▸ **WHAT YOU WILL DO**
A word-for-word copy of the data, with no images, is the required answer.

▸ **INFORMATION SHOWN**
==*==
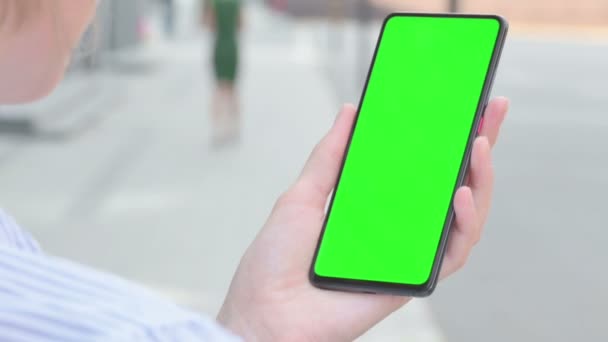 Femme regardant Smartphone avec écran chroma vert — Video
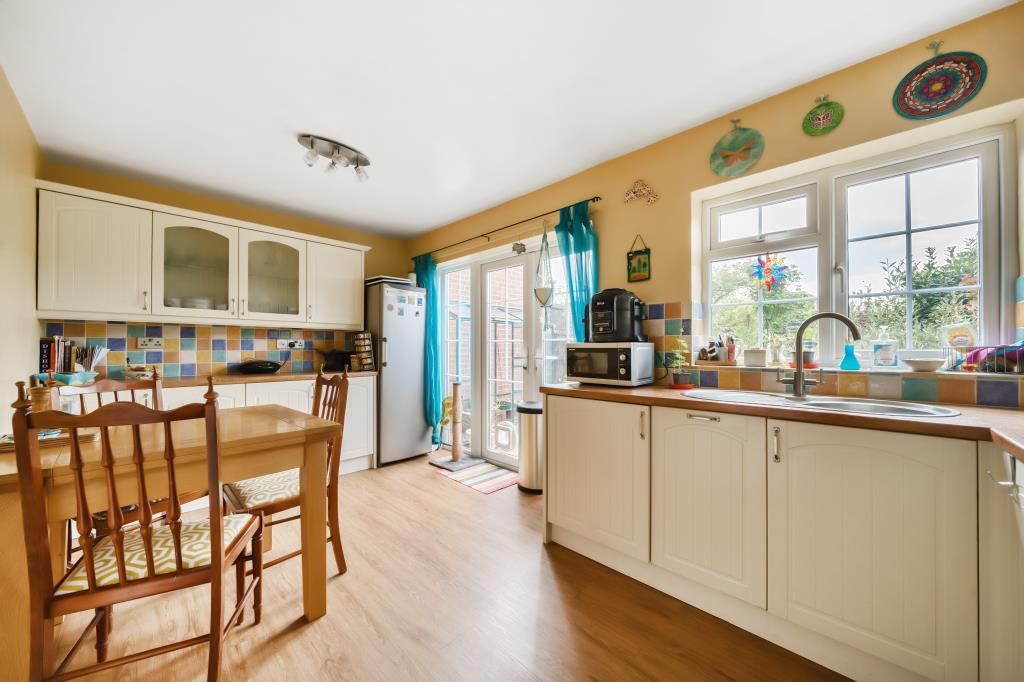 Property photo 3 of 15 Kitchen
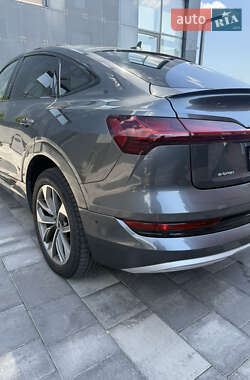 Внедорожник / Кроссовер Audi e-tron 2020 в 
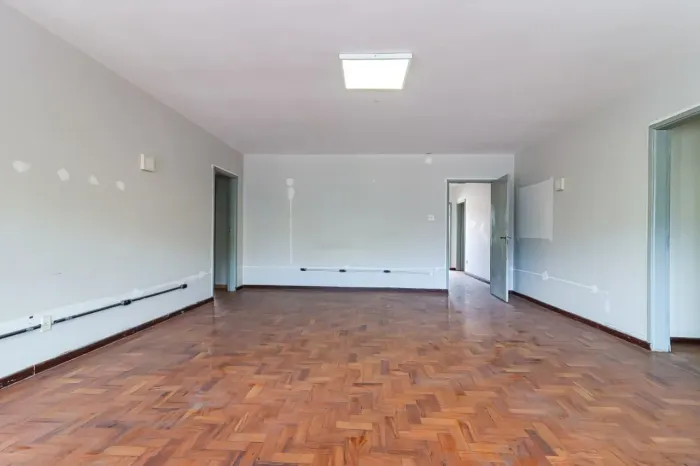 Sobreloja na Avenida Cupecê, 3541 - Conjunto 01  220 m²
==*==
▸ **EXERCISE RESPONSE**
 Femme regardant Smartphone avec écran chroma vert — Video
 Property photo 3 of 15 Kitchen
 Внедорожник / Кроссовер Audi e-tron 2020 в 
 Sobreloja na Avenida Cupecê, 3541 - Conjunto 01  220 m²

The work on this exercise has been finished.